At least 15 people were killed, mostly Sunni-Arab volunteer fighters, when a bomb went off in a school in western Mosul, an Iraqi military source said Sunday.
"Fifteen people were killed, including 12 tribal fighters, and another 23 injured when a bomb went off inside a school in the village of Muharibeen, located between the town of Badosh and the Tal Afar district," Army Captain Dergham Haydar al-Mawla told Anadolu Agency.
According to al-Mawla, the school had been used to train members of Iraq's Hashd al-Ashaeri, a pro-government fighting force composed mainly of armed Sunni tribesmen.
Tasked with protecting villages in the area, the Hashd al-Ashaeri also fights alongside the Iraqi army's 73rd Brigade.
Al-Mawla did not speculate as to what group was responsible for Sunday's attack.
In a related development late Saturday, at least three people were killed -- including a policeman -- in a suicide attack in Iraq's eastern Diyala province, according to a local security source.

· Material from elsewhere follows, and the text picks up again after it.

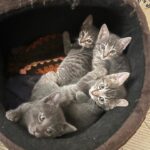 Liz Gallardo Instagram - Feliz #diadereyes !!!!!! 🤴👑🎄🪅🎆✨ Y nuestro mejor regalo es que nuestros últimos rescatados #PHOEBE&BABIES ya están listos para irse en adopción!!!!! 🐱🐈🐈‍⬛ Son unas bellezas sin igual , DOS HEMBRAS DOS MACHOS Requisitos para adopción: •Copia de INE o ID oficial •Dos comprobantes de domicilio • Llenar formato de adopción que se envía cuando manden los documentos al correo: losanimalistasmexico@gmail.com #rescata #rehabilita #adopta #ama #adoptanocompres #love #cats #pets #smile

"Police surrounded a suicide bomber who had infiltrated the town of Miqdadiyah, located some 45 kilometers northeast of Baqubah, Diyala's provincial capital," Police Captain Habib al-Shammari told Anadolu Agency.
The attack, he said, had left one police officer and a civilian passerby dead, in addition to the bomber.
No group has claimed responsibility for either attack, but such bombings are typically attributed to the Daesh terrorist group, which -- despite a string of recent defeats -- still maintains a considerable presence war-torn in Iraq.
Last month, Daesh was driven from Tal Afar in the northern Nineveh province. And a month before that, the city of Mosul -- regional capital of Nineveh and Daesh's self-proclaimed "caliphate" -- fell to the army after a nine-month siege.